2. Long-term wealth fund
Investing is the most brilliant option for people who think beyond retirement and are willing to leave behind considerable wealth for future generations.
What Are the Pros and Cons of Saving and Investing?
You would notice that saving and investing have their identificatory features and characteristics. Similarly, both have their sets of pros and cons. Hence, it is necessary to be aware before choosing the right instrument to handle our finances.
The below table captures the pros and cons of saving and investing.
|Pros||1. Usually, a savings account has better accessibility to your funds.|
2. Lower risk due to lesser volatility.
3. Fixed interest rates, which eliminates uncertainty.

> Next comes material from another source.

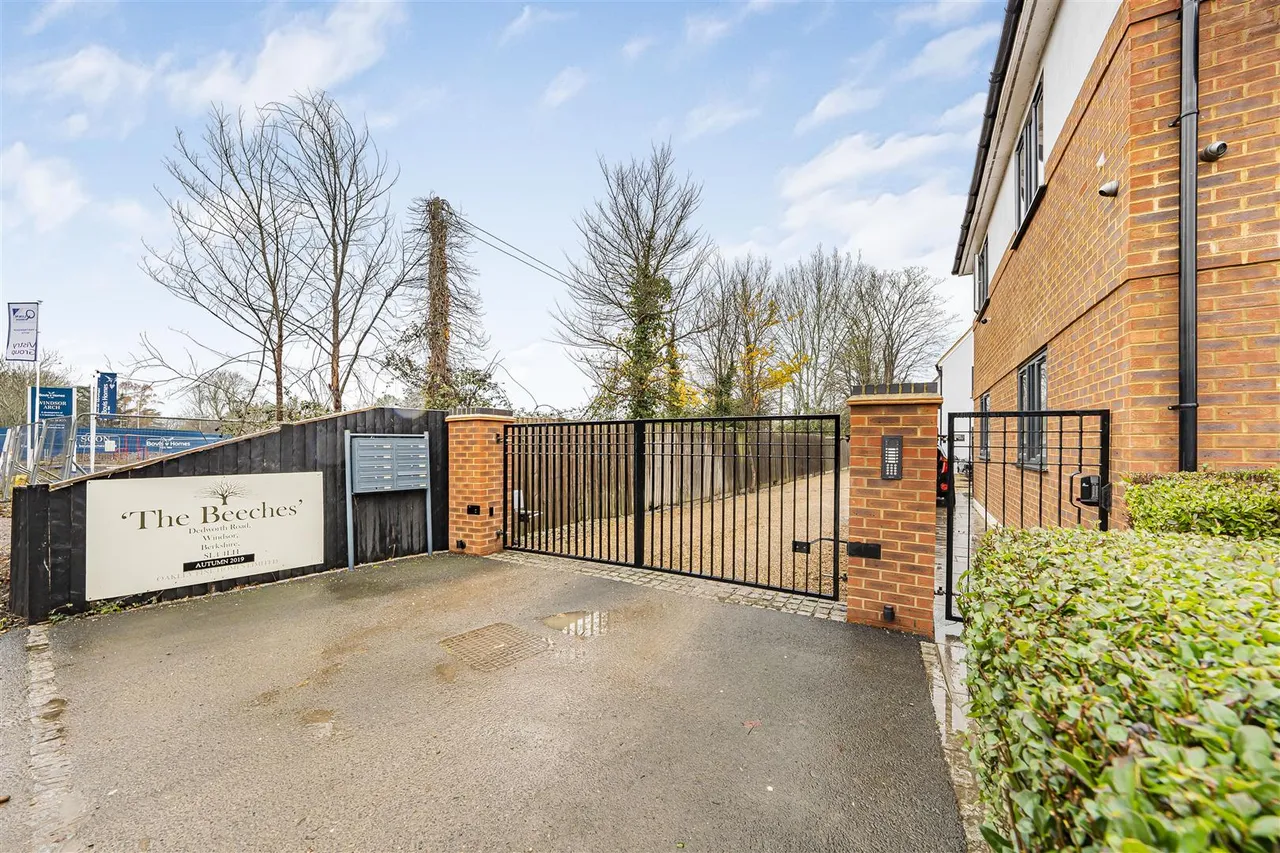 Oakley Green, Windsor, Berkshire, SL4 4LH, photo 12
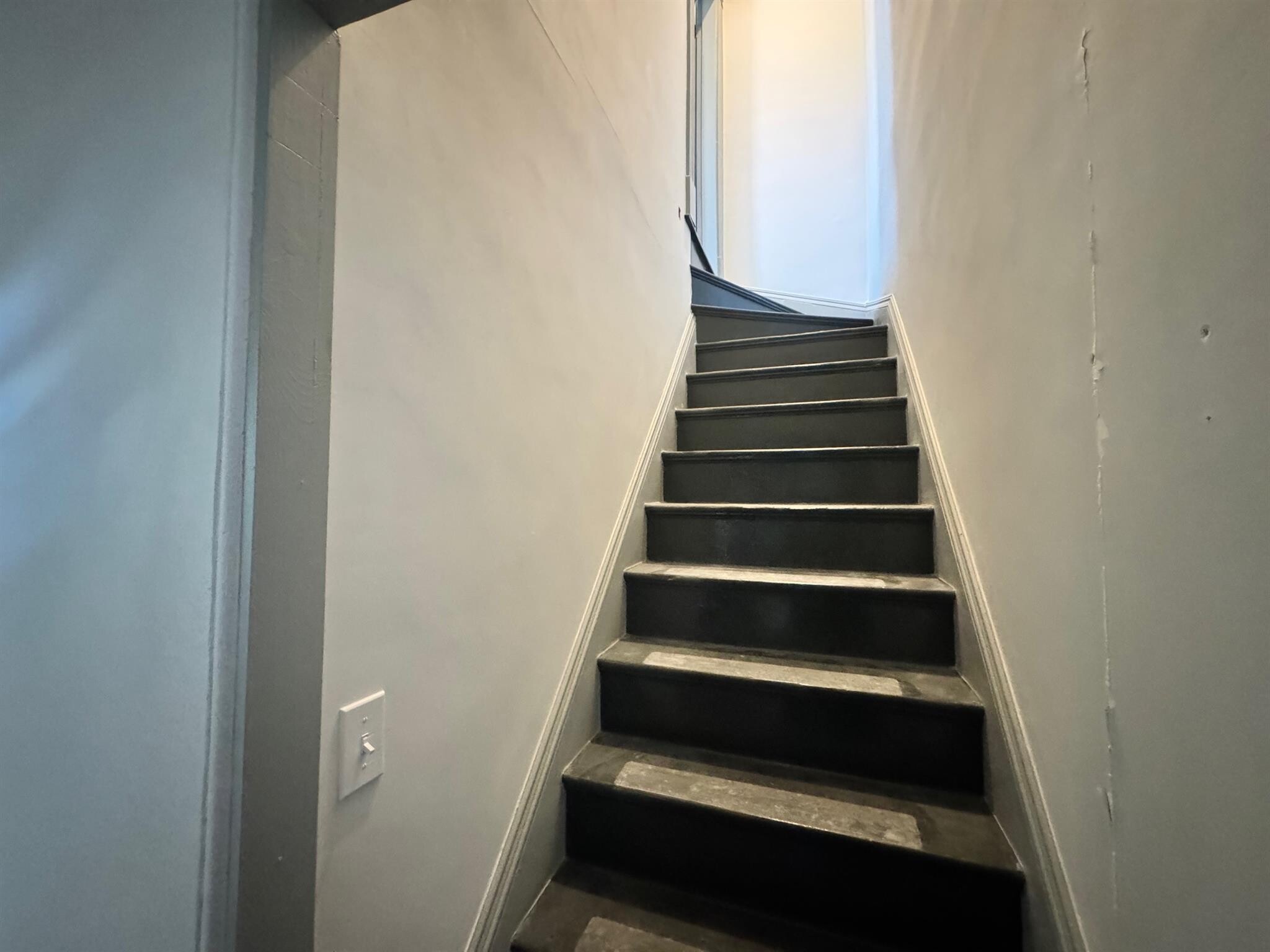 Building Photo - 27 Gilman Ter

4. Virtually no fee is charged for the savings account.
|1. Investment products offer higher returns over the long run.|
2. Impact of inflation is lesser if the right asset is chosen and invested.
|Cons||1. Lower returns|
2. As savings account has easy access, maintaining discipline would be difficult. People fall for impulse purchases, and so it would not be an easy task to be consistent in saving money.
|1. Higher volatility as investments are quickly impacted by the market crisis.|
2. Scope for losing the whole investment capital.
3. Requires considerable time and skillsets to teach oneself to invest.
4. Higher fees and taxation compared to savings accounts.
What Should You Choose? Saving or Investing
The answer to this question boils down to your present situation and future financial goals.
As a rule of thumb, you must save —
1. If you haven’t built an emergency fund. An emergency fund must cover at least three to six months’ expenses. Ideally, the fund should cover expenses for 12 months, especially for a single earner or self-employed individual.
2. If you have short-term goals (one to three years) like vacations, down payments, or any purchases. In these cases, investing isn’t the right option considering the time sensitiveness of the goals and the lack of guaranteed returns through investments.
As a rule of thumb, you can prioritize investing —
1. If you have made good progress in accumulating an emergency fund.
2. If you have paid off high-interest debts.
3. If you have long-term goals requiring a lot of cash (like retirement and college expenses for kids).
Therefore, saving should be the first move to build a financial cushion. After having one, you can start investing money for the long term to create a promising financial future. If you are looking to invest, check out Mudrex Coin Sets to add cryptocurrencies to your investment portfolio.
Savings are the starting point for anyone to handle day-to-day activities without financial stress. One shouldn’t skip savings and jump directly to investing. An emergency combined with poor macroeconomic conditions and illiquid investments leads to financial disaster.
Investing is an organic transition once the short-term goals are addressed. Investing in suitable asset classes keeps the money’s value intact against inflation, handles future expenses, and helps one to retire comfortably.
Hence, save and invest accordingly.
1. How much should I keep in my savings?
The amount of money you should keep in your savings is usually based on your monthly expenses. An emergency fund of three to twelve months of expenses should be enough. This does not involve expenses beyond the essentials.
2. Does Inflation affect savings or investment?
Yes, it negatively affects both savings and investment funds. Owing to inflation, the value of money decreases over time. An annual inflation rate of 6% will erode the value by more than 80% in 30 years. Usually, saving products offer minimal returns due to their low risk and highly liquid nature. If not used immediately, the intrinsic worth of the fund depreciates.
When it comes to investing, let’s say if the invested money generates a 10% annual profit, it’s only the ‘nominal return,’ not the ‘real return.’ The real return has to be calculated after subtracting the inflation rate. Hence, investors must purchase assets that generate desirable post-inflation returns.